Segment Start: RECORDS SUPPLIED

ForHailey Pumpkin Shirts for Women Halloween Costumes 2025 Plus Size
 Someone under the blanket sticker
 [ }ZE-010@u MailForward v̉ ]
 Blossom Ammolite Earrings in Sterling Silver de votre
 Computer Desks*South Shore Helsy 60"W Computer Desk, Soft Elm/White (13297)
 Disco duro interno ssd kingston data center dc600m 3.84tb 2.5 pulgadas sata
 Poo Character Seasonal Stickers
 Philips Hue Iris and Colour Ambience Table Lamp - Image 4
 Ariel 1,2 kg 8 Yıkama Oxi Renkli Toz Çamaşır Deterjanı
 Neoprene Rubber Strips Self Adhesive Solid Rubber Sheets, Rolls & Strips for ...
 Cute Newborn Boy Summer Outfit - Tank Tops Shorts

Segment End: RECORDS SUPPLIED

THE TASK: Print every record exactly as it was given.

SOLUTION FOR THIS EXERCISE:
ForHailey Pumpkin Shirts for Women Halloween Costumes 2025 Plus Size
 Someone under the blanket sticker
 [ }ZE-010@u MailForward v̉ ]
 Blossom Ammolite Earrings in Sterling Silver de votre
 Computer Desks*South Shore Helsy 60"W Computer Desk, Soft Elm/White (13297)
 Disco duro interno ssd kingston data center dc600m 3.84tb 2.5 pulgadas sata
 Poo Character Seasonal Stickers
 Philips Hue Iris and Colour Ambience Table Lamp - Image 4
 Ariel 1,2 kg 8 Yıkama Oxi Renkli Toz Çamaşır Deterjanı
 Neoprene Rubber Strips Self Adhesive Solid Rubber Sheets, Rolls & Strips for ...
 Cute Newborn Boy Summer Outfit - Tank Tops Shorts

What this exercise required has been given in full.